Help us find pain points in AI safety

Esben Kran

TL;DR: We want to hear your personal pain points, click here for the survey (3+ min)

Examples of pain points are: "I feel like AI safety is too pessimistic", "AI safety is not focusing nearly enough on transparency and interpretability research" or any other professional or personal experience you think could be better in AI safety.

Additionally, we (Apart Research) hope you would like to book a problem interview meeting with me (U.S.) or with Jonathan (EU, jonathan@apartresearch.com). You can also write to me on Telegram, email me on esben@apartresearch.com!

🩹 Pain points in EA & AI safety

As far as we know, there has not been any major analysis of pain points present in EA and AI safety and we find it very valuable (see below).

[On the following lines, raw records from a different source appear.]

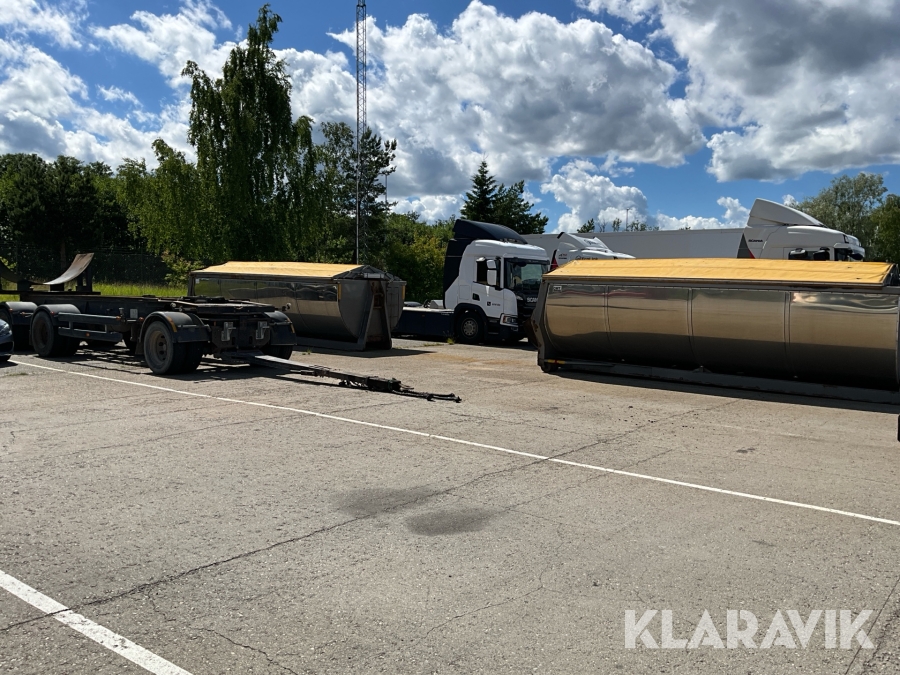 2st Asfaltsflak med tippsläp Cmt / Kilafors ASF16 tridemburkar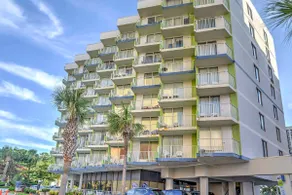 Ocean Views & Resort Amenities: Myrtle Beach Condo - Image 2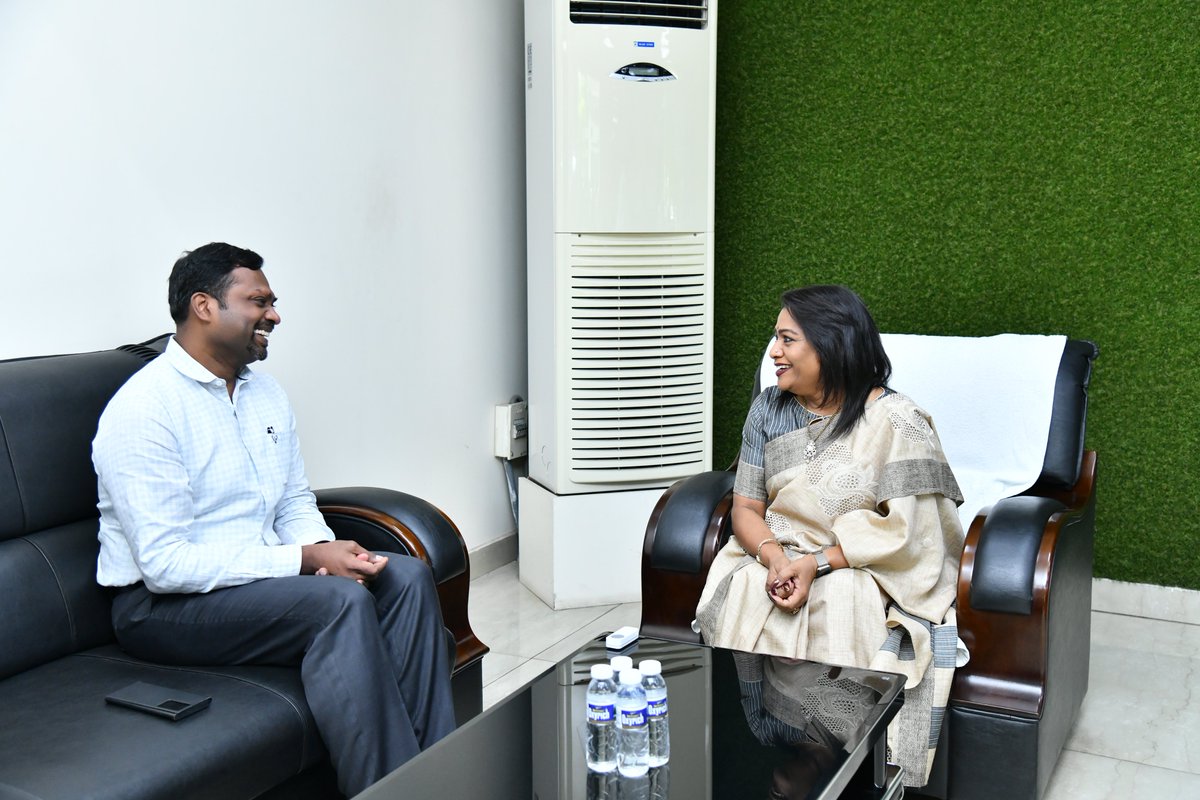 gadwalvijayainc's tweet photo. Extending a warm welcome to GHMC Commissioner Ronald Rose who took charge today. Congratulations, Ronald Rose Garu &amp; Let us collaborate to create a world-class city.

@CommissionrGHMC @GHMCOnline https://t.co/5oE3HJFtxF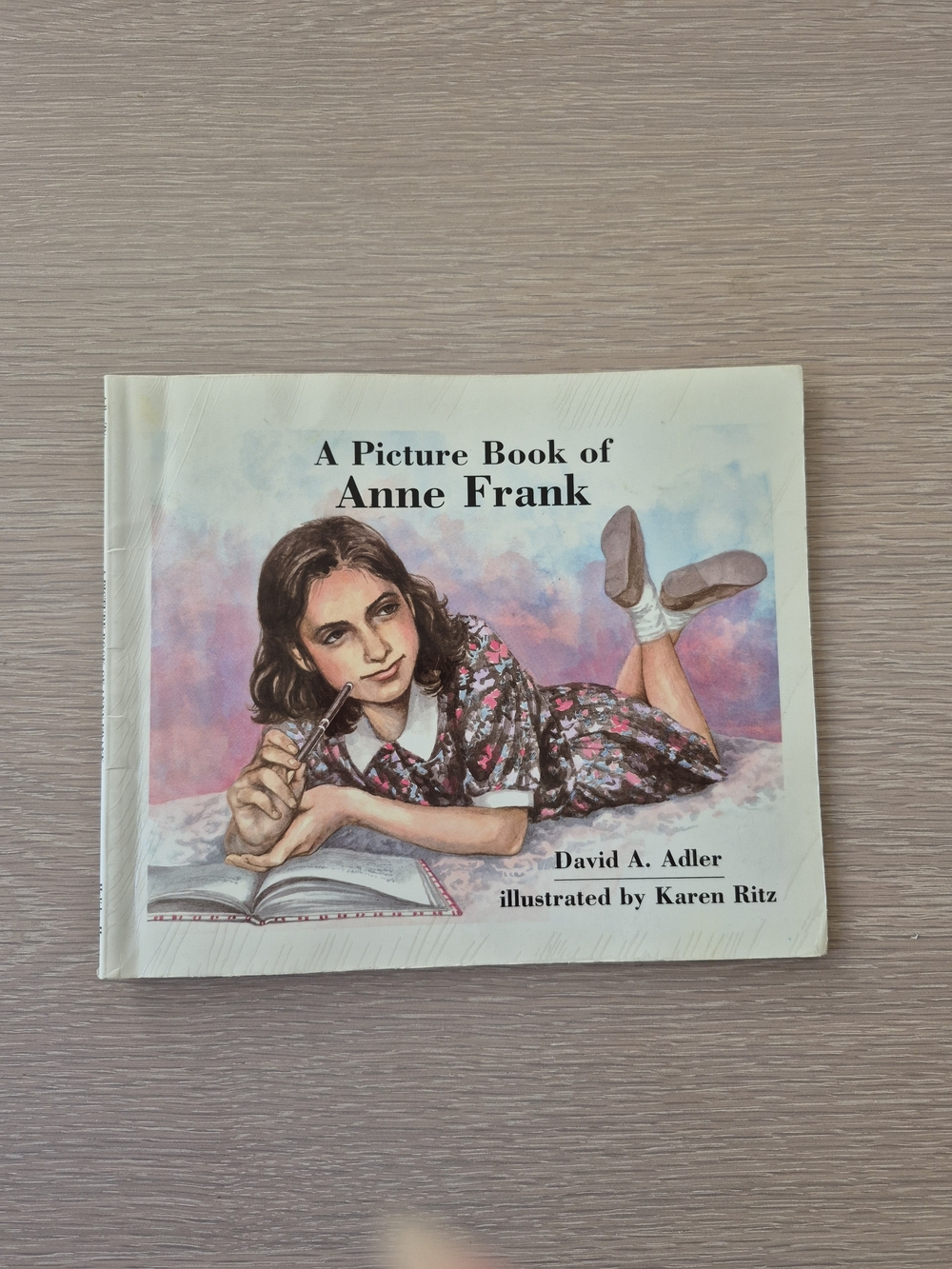 A Picture Book of Anne Frank - Illustrated Paperback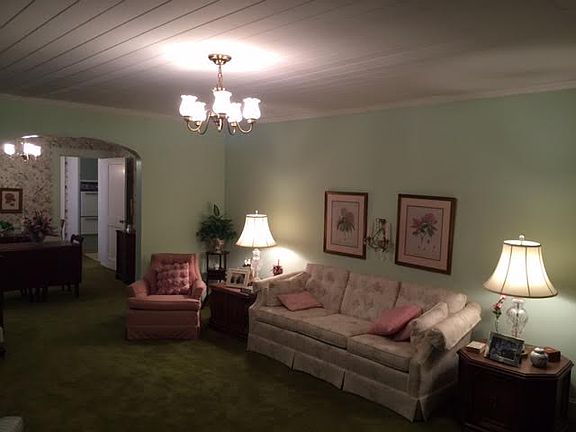 3rd image of 1007 S Brady Ave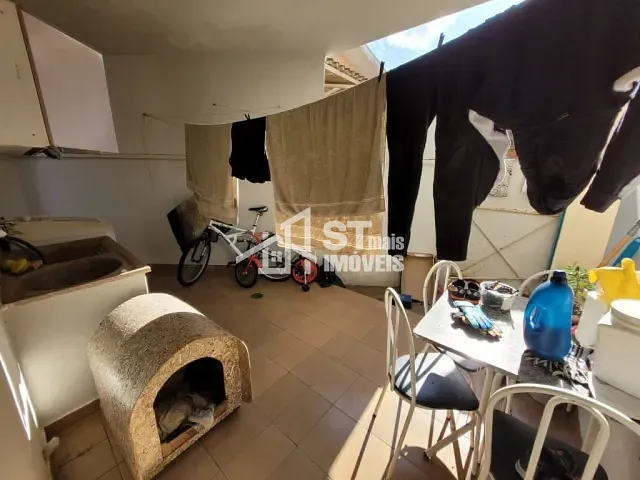 Casa com 107m², à venda, no bairro Centro em Andradas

Therefore, our goal with this project is to have 40+ interviews and 100+ survey responses about pain points of community members.

From these interviews and responses, we will maintain a list of pain points that is updated as we receive more information. Additionally, after the goal metrics have been reached, we publish a post on the EA forum and LessWrong forum to summarize these pain points and how many people experience each. Lastly, we try to summarize positive thoughts about the community as well so we might be able to enhance things that already work.

In addition to summarizing the points, we will propose potential solutions and enhancements where we find it possible! We have already worked on defining several AI safety-aligned for-profit ideas and are currently working on a technical AI safety ideas platform that will be published soon.

🤔 Theory of impact

By compiling this list, we can identify points of impact in the community that enables us to do mesa-cause-prioritization, i.e. figure out which projects might provide the largest beneficial impact to AI safety work for organizations working on these issues. This becomes especially important given the urgent timelines.

The unique value of our project is that we target the EA / AI safety community and that we attempt to identify the pain points of the community before proposing solutions.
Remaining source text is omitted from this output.